OLIVIER ZAHM — Do you think that the current gender revolution will bring something new to the art world?
URS FISCHER — How would I know?  Part of our skin has become frail and brittle, extending our bodies into the screens of our smartphones. It is much easier to be touched and to have our personal space invaded. Possibly, through the same fragility, if we allow it, there is room for a culture that allows us to understand ourselves and others in a deeper and more tolerant way. I’m very happy that the binary world I grew up in is shifting into a multidimensional spectrum, which actually has room for one to be. I oscillate between all kinds of different things — I haven’t often had the feeling of belonging or fitting in. At times, that’s a painful process. The definitions and divisions of the past, these conceptual fortifications, won’t be missed. We’re heading toward a much better place. Fear sucks and hurts. I don’t know how that will be reflected in art. Everything opens up. Art is to celebrate life. Emotions sing, agendas talk. But back to the ancient Greeks, one of my absolute favorite sculptures is [Bernini’s] Sleeping Hermaphroditus in the Louvre. It’s absolutely divine. And the way it’s installed, with the back turned to the side as the viewer approaches the figure, and how it unveils its nature: I really enjoy watching the broad spectrum of viewers’ reactions to a 2,000-year-old piece of marble.

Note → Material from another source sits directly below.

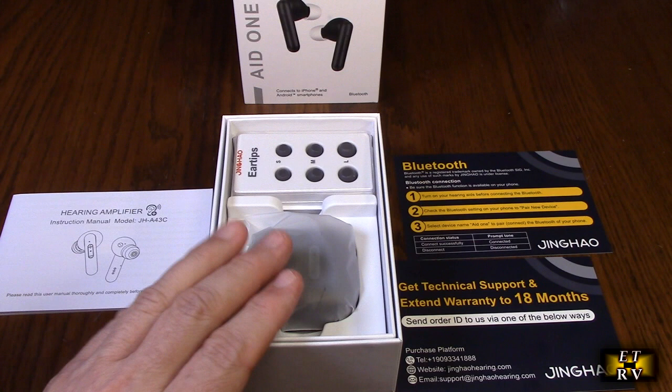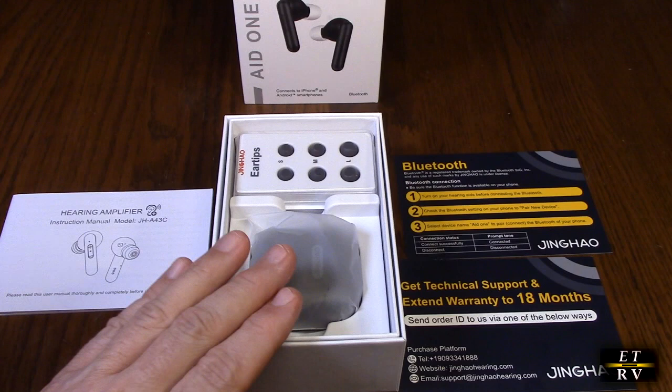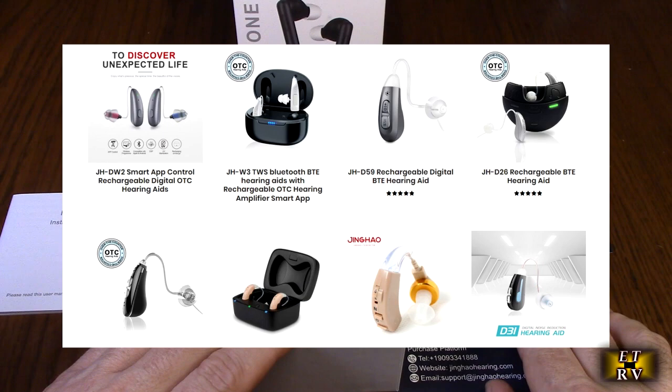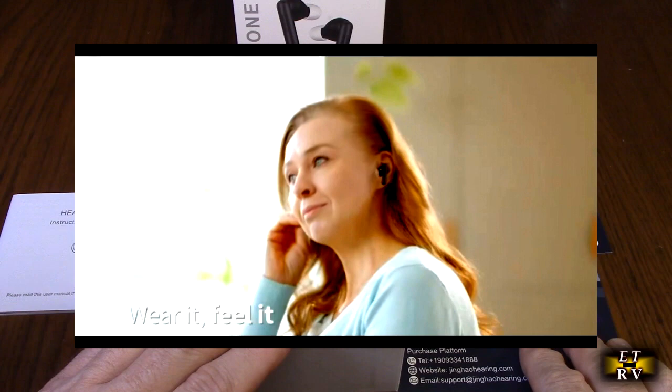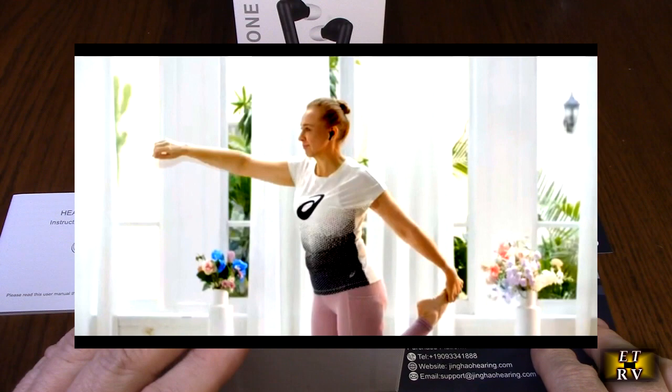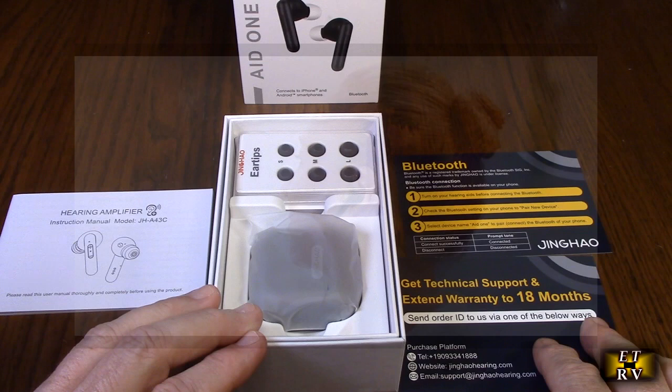There are a lot of different hearing aid companies out there, and this company is different because this is a unique product. They have a dedicated customer service hotline and email for after-sales support. This is a professional hearing aid design and manufacturing company established over 10 years ago. The Aid 1 is an FDA-certified OTC over-the-counter hearing aid with Bluetooth capability, allowing it to connect to your mobile phone or other Bluetooth devices.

OLIVIER ZAHM — You mean the sculpture at the Louvre? That’s incredible. It has always been there, in a way, this reality. But what has your personal experience been like? Has it changed much over time?
URS FISCHER — Yeah, I see things very differently. I don’t feel them that differently, but I understand my feelings differently. A lot of my subconscious is obscured to me.

OLIVIER ZAHM — Is that still very problematic?
URS FISCHER — No. Whatever conflicts I brought into this life and accumulated growing up — they keep me looking for love. Often, I looked in places where there was none for me. But that is part of the journey. But I need a lot of it.

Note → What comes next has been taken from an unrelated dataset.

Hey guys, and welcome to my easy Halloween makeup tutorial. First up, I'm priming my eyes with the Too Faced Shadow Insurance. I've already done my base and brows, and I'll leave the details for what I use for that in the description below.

OLIVIER ZAHM — You need a lot?
URS FISCHER — Love? Very much so, yeah.

OLIVIER ZAHM — But you seem much more in tune with love now. You don’t torture yourself so much with this.
URS FISCHER — No, but I don’t think that’s the same kind of love, what you’re talking about. You find what you need in somebody at all points. There’s always a need we have. There’s hardly ever a time that we don’t have a need when we interact with someone. Love can be muddled with all kinds of confusion and needs. I think I had a fair share of that… Like a long freight train or a subway train, one car after the other of the same. And when you realize they connect, it’s time to hop off the train.

OLIVIER ZAHM — Self-love — is that the solution for love?
URS FISCHER — Yes! Sounds awesome.

OLIVIER ZAHM — And what you do with your art helps you to be at peace with yourself.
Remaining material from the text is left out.